> [Materials provided]
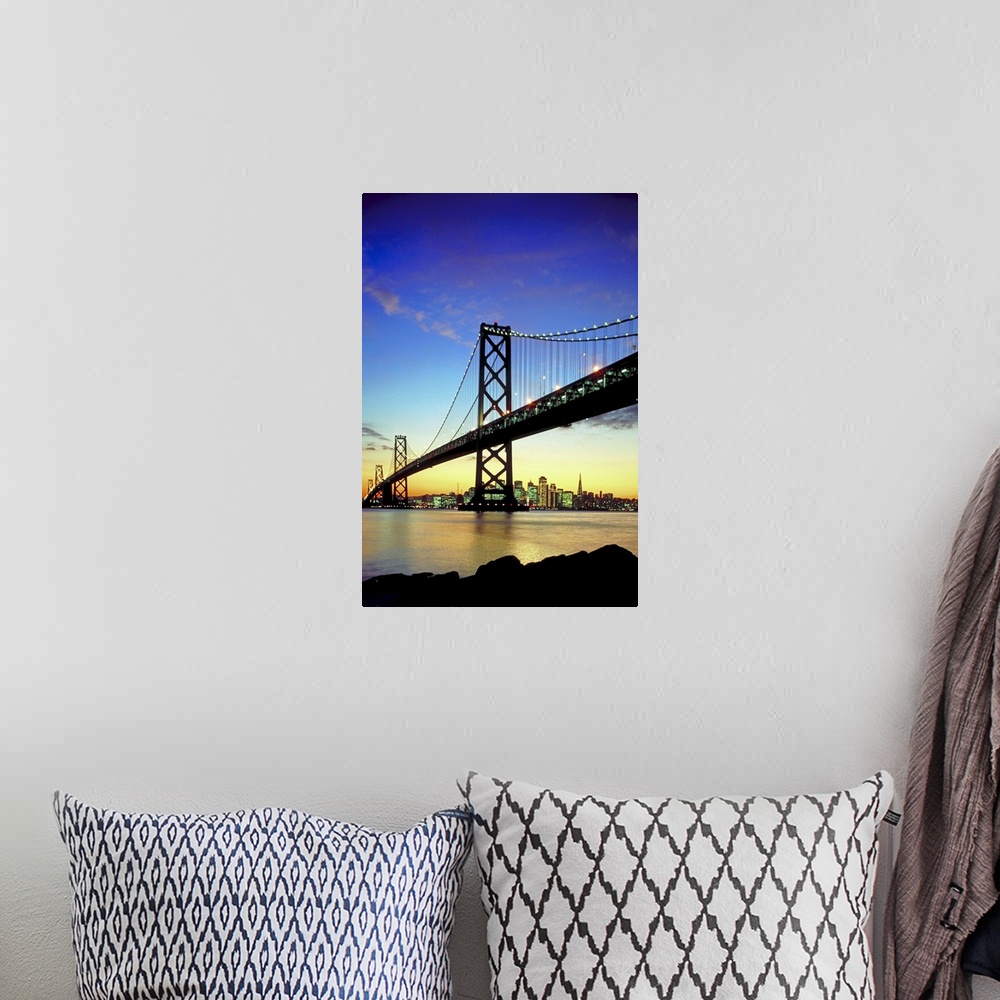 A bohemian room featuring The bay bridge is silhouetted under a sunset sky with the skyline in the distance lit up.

==

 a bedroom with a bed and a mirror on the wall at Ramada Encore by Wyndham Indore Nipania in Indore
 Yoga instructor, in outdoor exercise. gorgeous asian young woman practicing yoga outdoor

> [Aim of the exercise] The range runs from the line with "a bedroom with" up to and including the line with "Yoga instructor, in" in the listing above; please write out exactly those lines and nothing more.

> [Solved problem]
 a bedroom with a bed and a mirror on the wall at Ramada Encore by Wyndham Indore Nipania in Indore
 Yoga instructor, in outdoor exercise. gorgeous asian young woman practicing yoga outdoor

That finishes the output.